This odd little novel is deceptively simple, ten-year-old Kate Meaney, a self-styled investigator, really nothing more than a solitary little girl who fills the long hours with her surveillance of “suspects”, as dedicated to her work as any professional. After the death of her father, Kate pursues her private passion, her trusty sidekick, Mickey the Monkey, stuffed in her bag, watching for “criminals” in disguise, spending long afternoons in 1987 UK with Adrian Palmer, a twenty-two-year-old who works in her father’s shop in the local mall, Green Oaks.
Adrian is Kate’s only friend, the one in whom she confides when her grandmother makes arrangements for her to begin boarding school. Loath to take the looming entrance exams at Redspoon, a reluctant Kate is escorted by Adrian to the examinations. When Kate goes missing, Adrian is the last person to see her alive. Police suspicion too much for the sensitive young man to bear, Adrian runs away, cementing the authorities’ belief that he is the culprit.

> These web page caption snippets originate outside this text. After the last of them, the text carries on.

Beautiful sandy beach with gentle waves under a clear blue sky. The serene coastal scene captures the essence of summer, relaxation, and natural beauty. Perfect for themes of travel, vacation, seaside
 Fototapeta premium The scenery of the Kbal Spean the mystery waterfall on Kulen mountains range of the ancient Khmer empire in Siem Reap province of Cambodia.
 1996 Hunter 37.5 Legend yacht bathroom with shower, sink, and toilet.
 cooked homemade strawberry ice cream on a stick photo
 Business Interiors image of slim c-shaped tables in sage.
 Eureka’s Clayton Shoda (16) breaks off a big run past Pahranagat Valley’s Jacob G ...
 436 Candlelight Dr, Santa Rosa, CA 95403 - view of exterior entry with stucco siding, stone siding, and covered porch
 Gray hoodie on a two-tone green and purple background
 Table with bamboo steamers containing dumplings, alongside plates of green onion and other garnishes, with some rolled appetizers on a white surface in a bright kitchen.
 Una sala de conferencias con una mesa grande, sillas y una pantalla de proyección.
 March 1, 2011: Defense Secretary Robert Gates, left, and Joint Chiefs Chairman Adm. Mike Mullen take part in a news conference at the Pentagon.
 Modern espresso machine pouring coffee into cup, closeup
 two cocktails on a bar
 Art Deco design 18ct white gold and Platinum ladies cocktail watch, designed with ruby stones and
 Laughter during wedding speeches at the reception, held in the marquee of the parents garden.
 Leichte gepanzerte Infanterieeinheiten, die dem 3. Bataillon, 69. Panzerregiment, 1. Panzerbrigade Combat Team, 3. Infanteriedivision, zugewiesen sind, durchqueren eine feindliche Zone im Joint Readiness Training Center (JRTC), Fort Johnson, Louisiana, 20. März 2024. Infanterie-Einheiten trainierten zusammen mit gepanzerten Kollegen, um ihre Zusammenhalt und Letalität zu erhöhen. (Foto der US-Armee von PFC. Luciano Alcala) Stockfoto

Nearly twenty years later, Green Oaks is still the hub of local activity, a community dependent upon the center for the employment of locals and the relief of endemic boredom. Adrian’s sister, Lisa Palmer, works at Your Music, living with a man she hardly sees - another employee of the music store - anxiously awaiting the yearly music CD mix sent by her brother on her birthdays.
Walking the dark corridors meant for mall employees, Lisa finds Kate’s stuffed monkey. Near the same time, night-shift security guard Kurt notices a child on a security tape, a little girl who might be Kate. Through happenstance and fate, Lisa and Kurt begin a tentative relationship based on their search for the answer to Kate’s fate. Trapped by habit and the wrong choices, Lisa and Kurt are drawn together in common purpose, albeit with secrets that must be revealed for the relationship to succeed.
With a diverse cast of disillusioned characters, O’Flynn creates an intricate plot, part mystery, part sad testament a world grown ever more isolated, a casual melding of strangers who wander Green Oaks with minimal communication, frustrated with the difficulties in their lives. Each of these characters suffers personal disappointment, hidden wounds and ineffective relationships.
Although the novel takes place in the UK, it could be anywhere, people scurrying from shop to shop in a brief respite from their lives. Kate would have filled her notebooks with observations of this rich assortment, husbands and wives, disaffected lovers, the slow-moving cogs of a bureaucratic mentality that isolates the future in facile jargon. As the stories intersect, the mystery of Kate’s disappearance is solved, the bright curiosity of a lonely girl but one facet of a society in search of contentment, if only temporary. As perfectly balanced as a house of cards, O’Flynn assembles a delicate structure where disappointment and loss are mitigated by hope.